§ **TASK PROMPT**:
Print the listing below only from the line that has "Affitto Appartamento in" through the line that has "Kultiges modulares DDR", exactly, and drop any picture.

§ **DATA EXTRACTS**:
##########
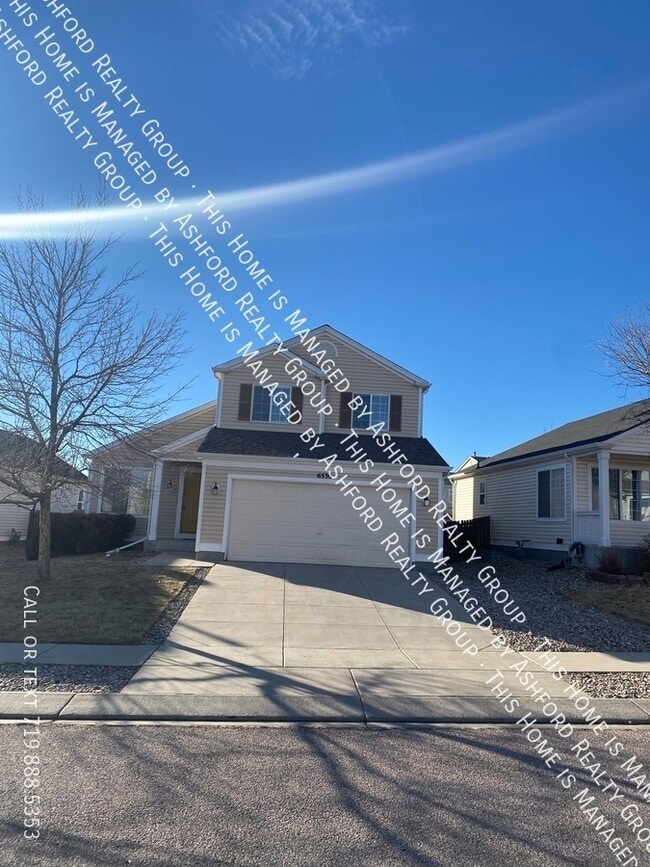 Building Photo - 6530 Fowler Dr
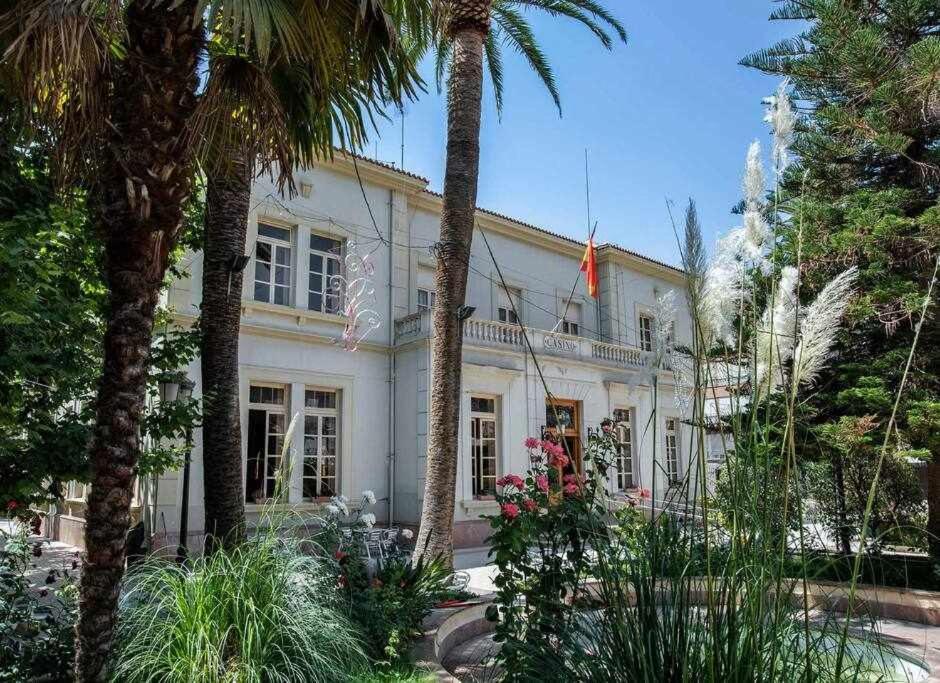 Centro Con Bano Privado Y Compartido , Cocina Y Terraza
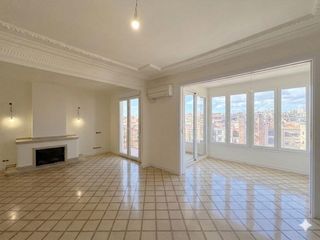 Affitto Appartamento in L´Antiga Esquerra de l´Eixample. ¡joya regia en muntaner: exterior a estrenar en la última planta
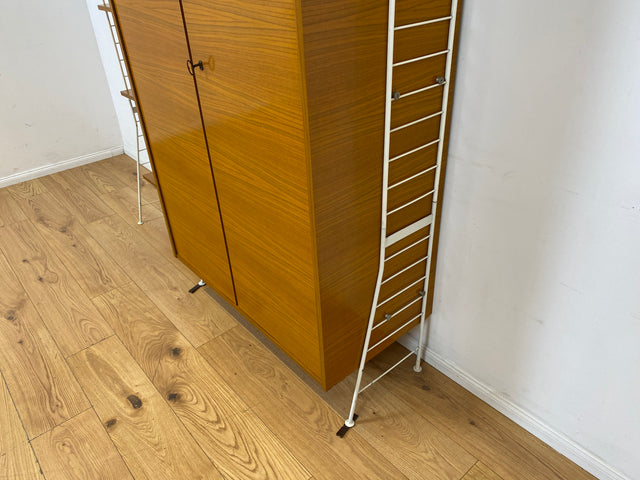 Kultiges modulares DDR Regalsystem Sybille aus 1968 mit Kleiderschrank & Vitrine
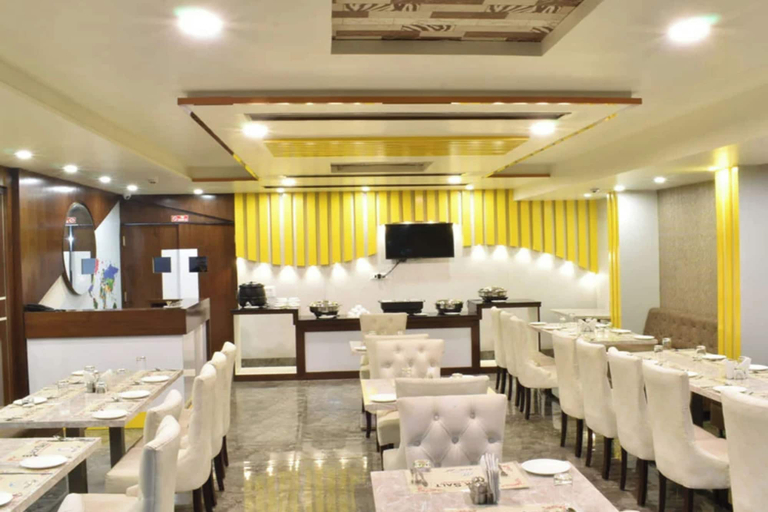 Restaurant, Hotel Taj Venture Near Taj Mahal Agra, Agra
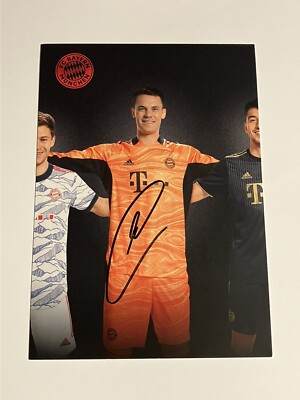 Manuel Neuer - Original 2021-22 Hand Signed Bayern Munich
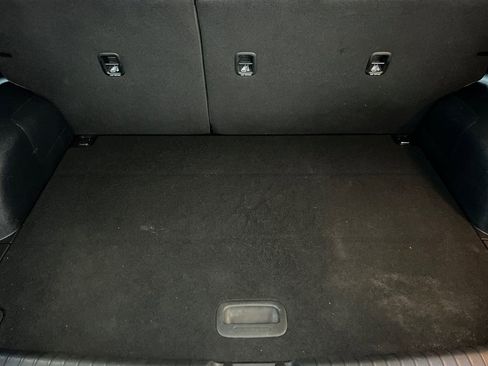 Used 2021 Kia Niro EX image 16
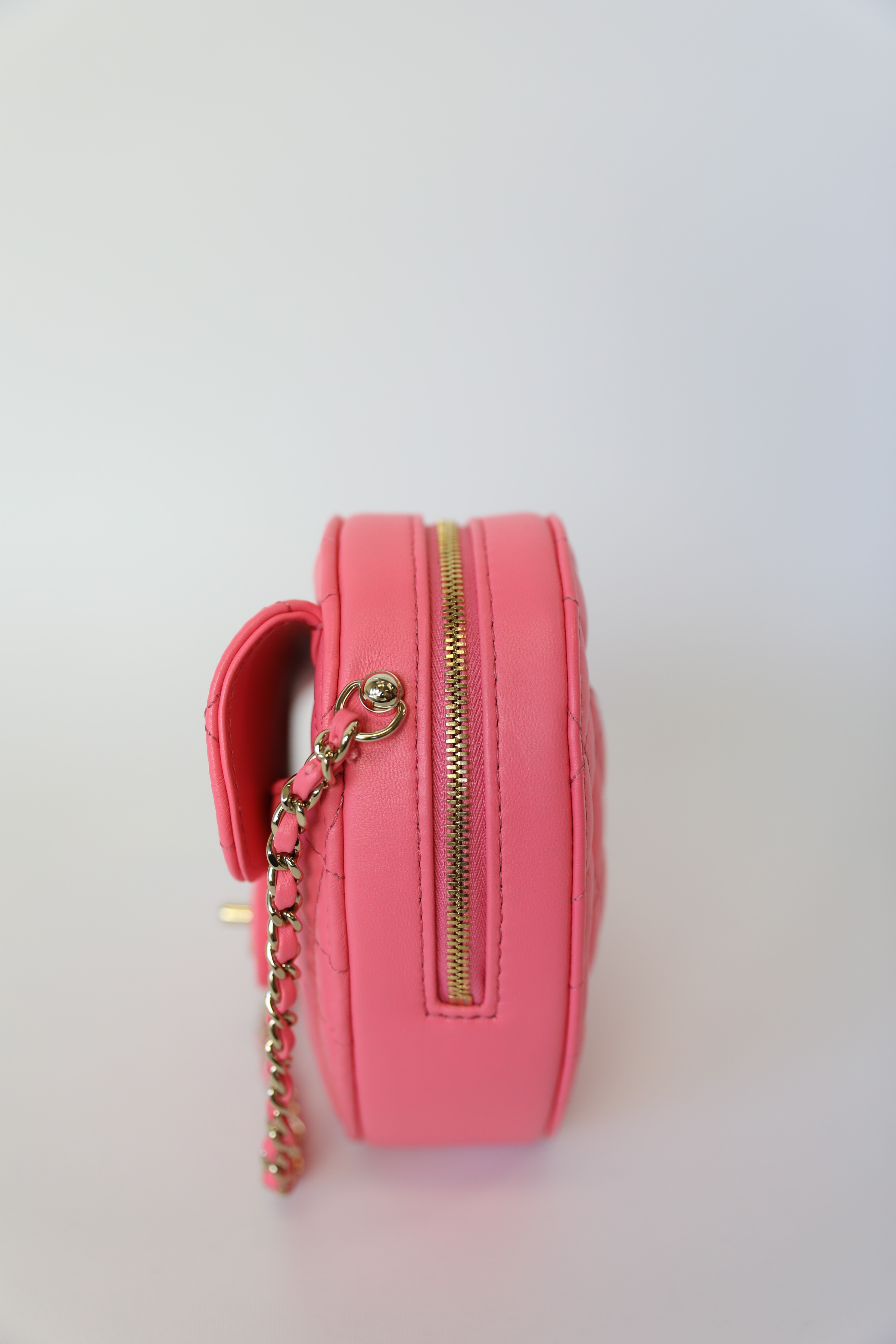 Chanel Pre-owned 2022 Heart Love Crossbody Bag - Pink
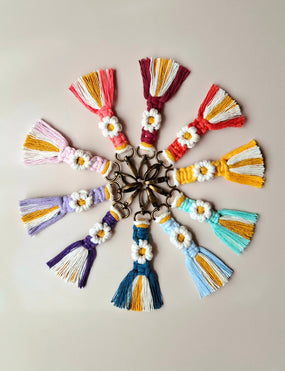 Porta-chaves em Macramé com Flor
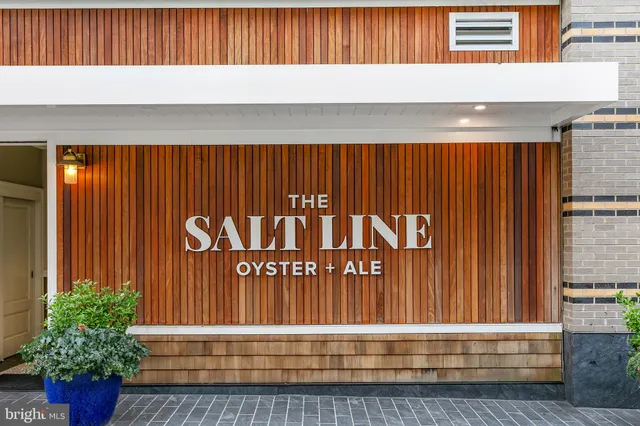 a view of door with entryway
##########
§ **ANSWER BOX**:
 Affitto Appartamento in L´Antiga Esquerra de l´Eixample. ¡joya regia en muntaner: exterior a estrenar en la última planta
 Kultiges modulares DDR Regalsystem Sybille aus 1968 mit Kleiderschrank & Vitrine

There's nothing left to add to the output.